_Activity:_ Make an exact copy, from the records below, of the lines from the line containing "Lot livres paris" to the line containing "Mercedes-Benz A 35", both lines included, excluding pictures.

[[ Dataset records open ]]

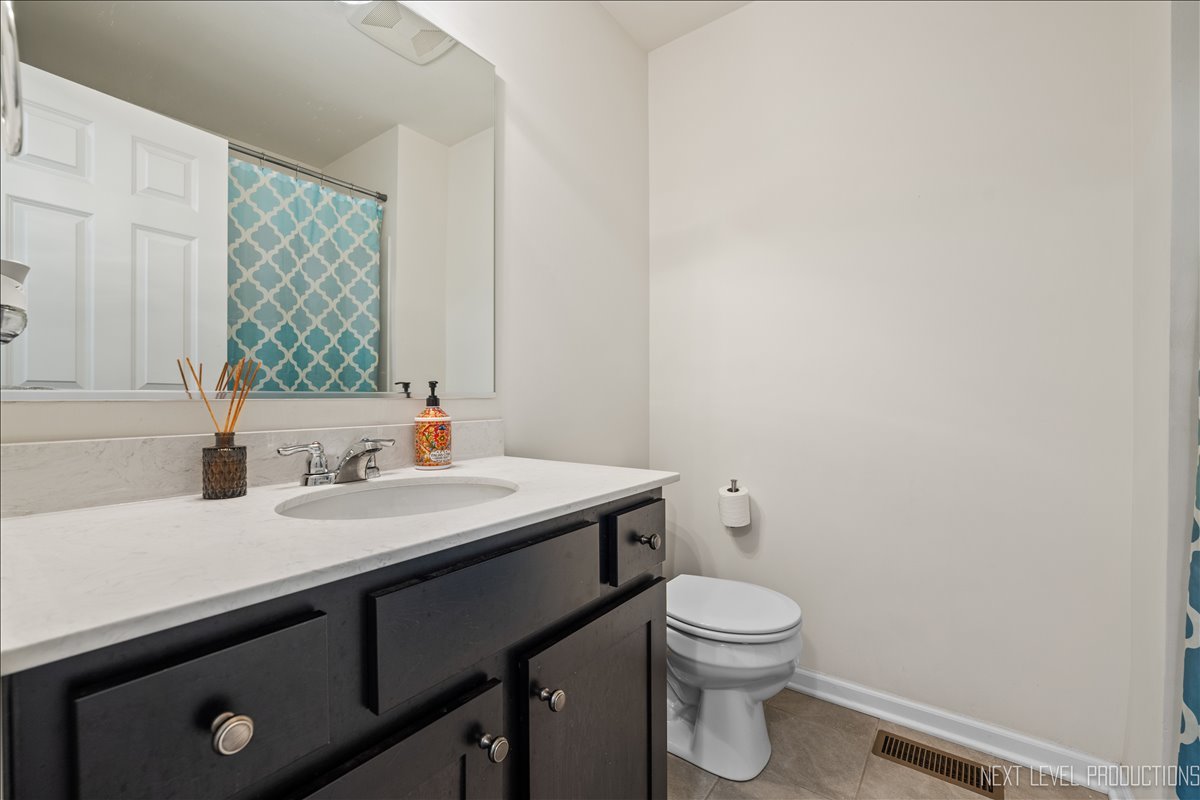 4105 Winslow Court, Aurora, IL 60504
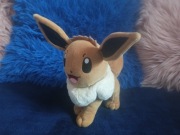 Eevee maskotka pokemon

[[ Dataset records closed ]]
[[ Dataset records open ]]

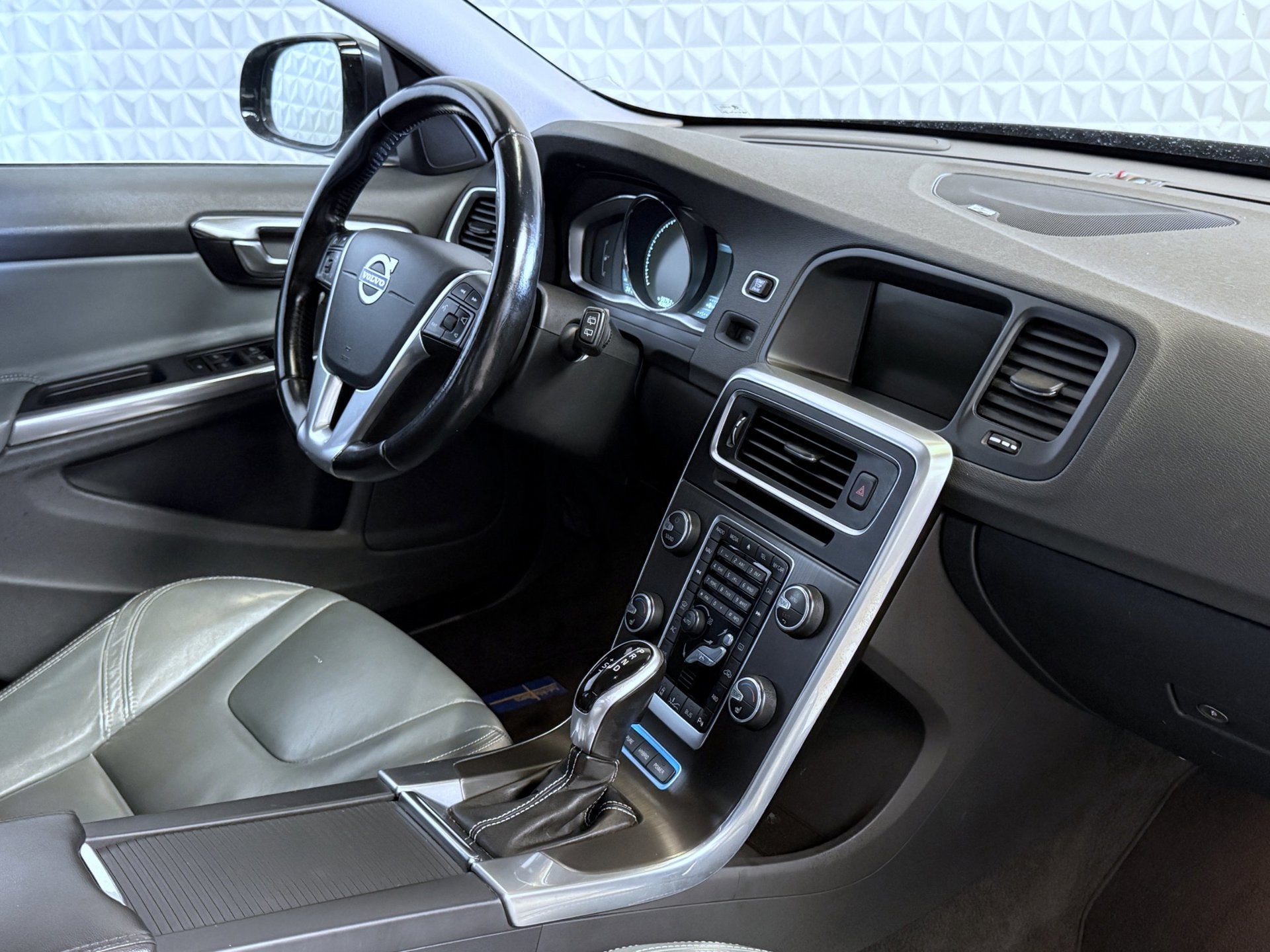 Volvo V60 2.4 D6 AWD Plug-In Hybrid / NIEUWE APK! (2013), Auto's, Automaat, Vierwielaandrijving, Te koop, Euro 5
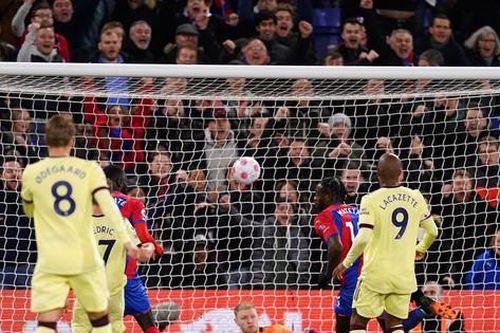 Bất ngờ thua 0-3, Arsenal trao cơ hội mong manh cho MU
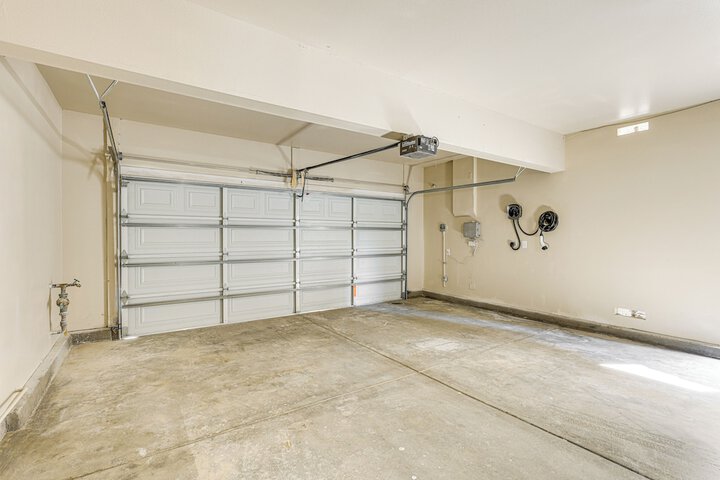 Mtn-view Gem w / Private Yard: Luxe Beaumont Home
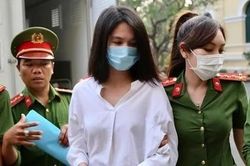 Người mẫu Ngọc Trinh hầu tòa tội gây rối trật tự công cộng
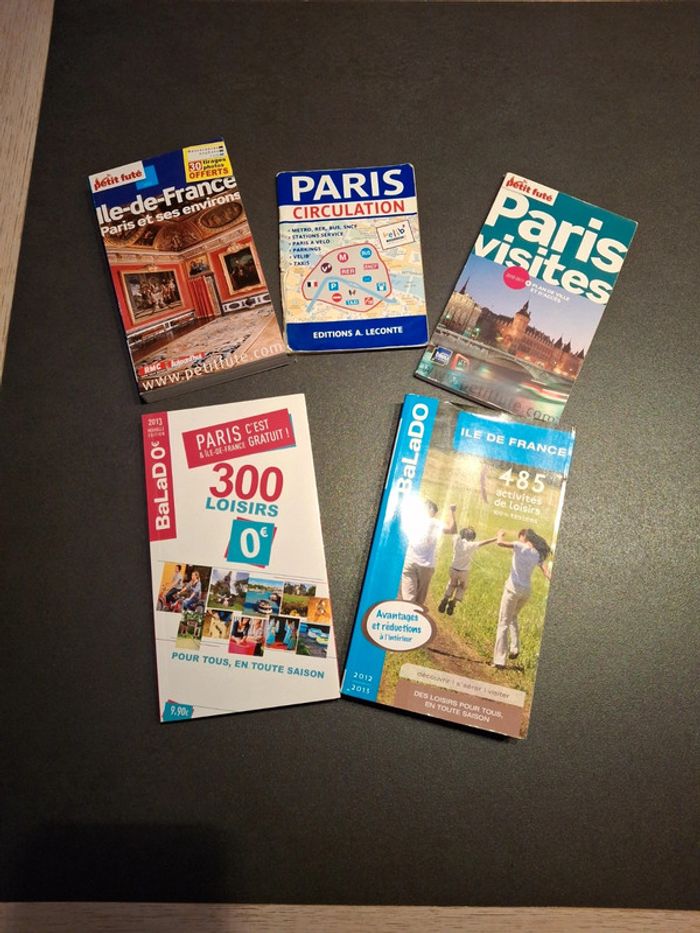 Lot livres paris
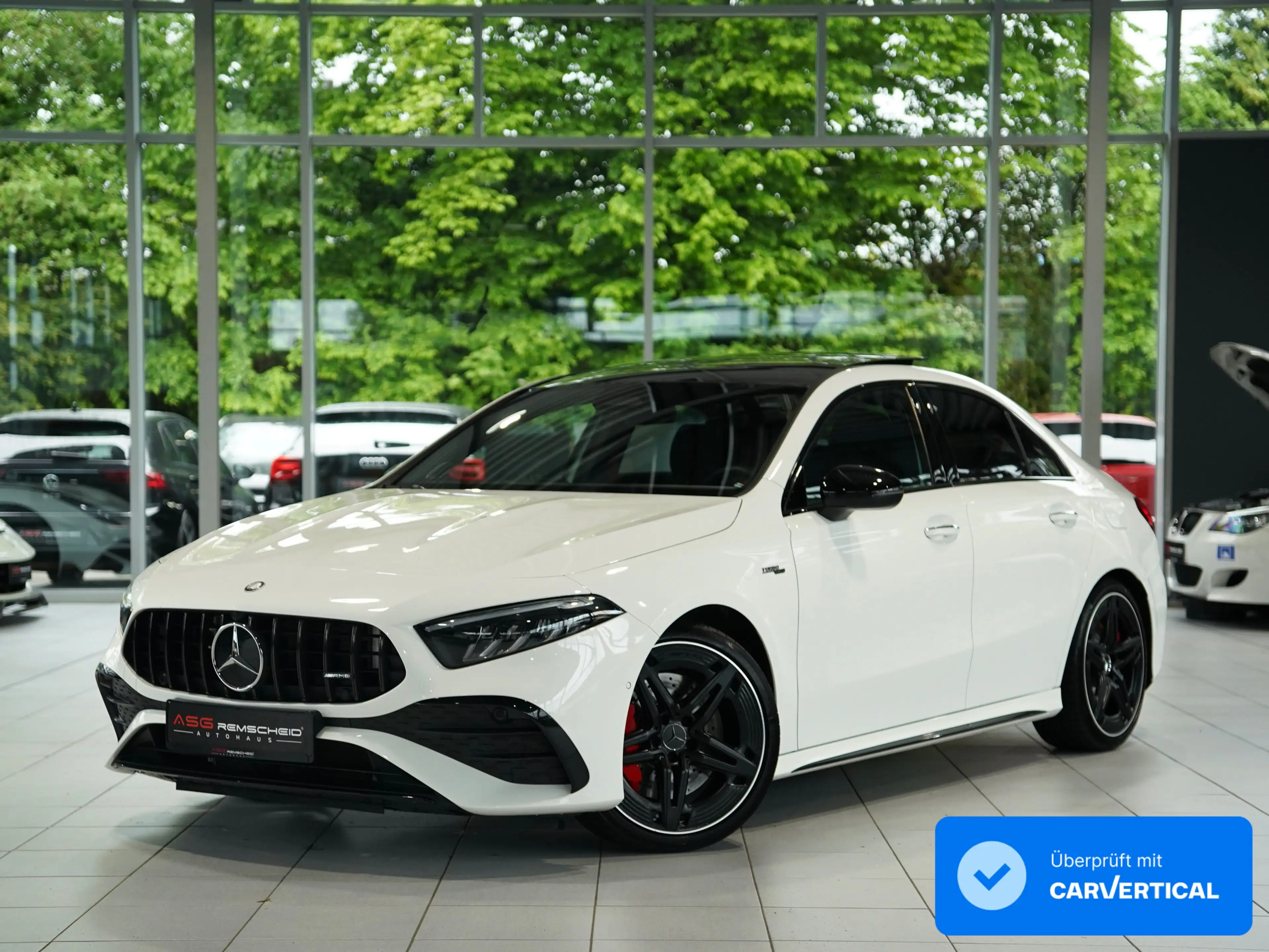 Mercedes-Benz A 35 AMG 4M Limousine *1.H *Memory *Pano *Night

[[ Dataset records closed ]]
[[ Dataset records open ]]

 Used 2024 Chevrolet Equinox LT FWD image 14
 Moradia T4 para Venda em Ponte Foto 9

[[ Dataset records closed ]]

_Task solution:_
 Lot livres paris
 Mercedes-Benz A 35 AMG 4M Limousine *1.H *Memory *Pano *Night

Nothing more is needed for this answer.